I am looking for an algorithmic way to solve the following problem.
Problem
Say we are given a multiple choice test with 100 questions, 4 answers per question (exactly one of those four being correct), each correctly given answer is worth one point, wrong answers are worth zero points. If now we got a database D of lots of answer sheets and their corresponding points, e.g.

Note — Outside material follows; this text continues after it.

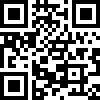 https://khabaronline.ir/xfjnC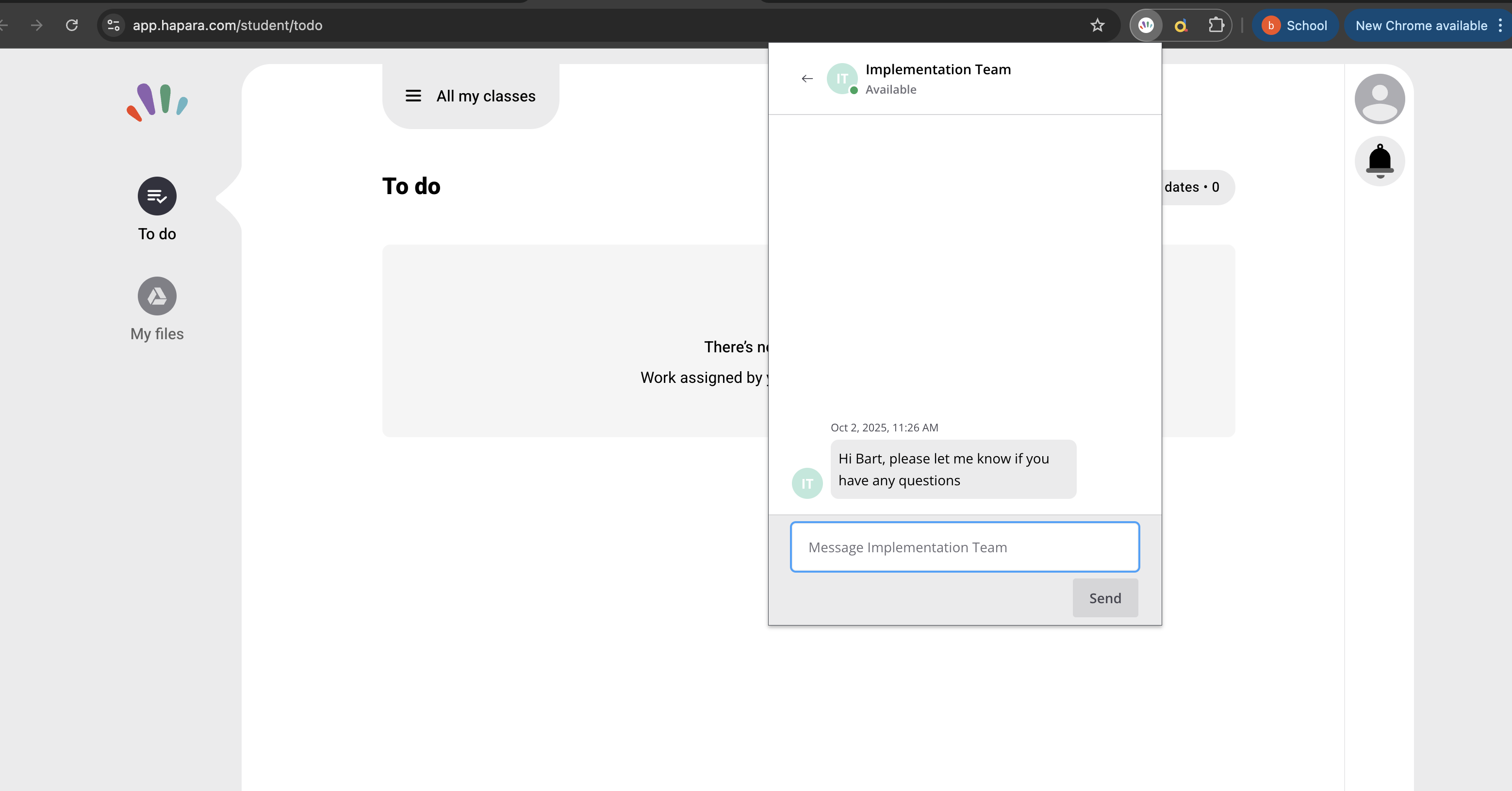 Screenshot 2025-10-02 at 11.26.46 AM.png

D:= { ('ABAA...', 80), ('ABAB...', 80), ('ABAC...', 80), ('ABAD...', 81), ... }
How can we find out which answers are correct? I am not looking for something probabilistic, but for answers which are definitely correct.
Some ideas
There are some obvious strategies like:
- look for someone who reached 100 points; you got all your answers
- look for tests, whose answers differ only by one (in the example database given, we can deduce the answer to question 4 is "D")
- look for someone who answered everything wrong, you can rule out those answers
But what information can we get from other combinations of answers?
Viewing the answer sheets as a metric space we get
100 - S(test) = d(test, correct)
for the hamming distance d(.,.), the score S(.) and the correct sheet correct.
Maybe someone could give me a reformulation of the problem, which yields a more obvious implementation. Any contribution is appreciated.
Edit:
Not considering computational complexity, couldn't I achieve something by intersecting the balls $$ \bigcap_i B_{d(t_i,\textrm{correct})}(t_i), $$ with tests $t_i$ and balls $B_d(x) := \{y: d(x,y)\leq d\}$?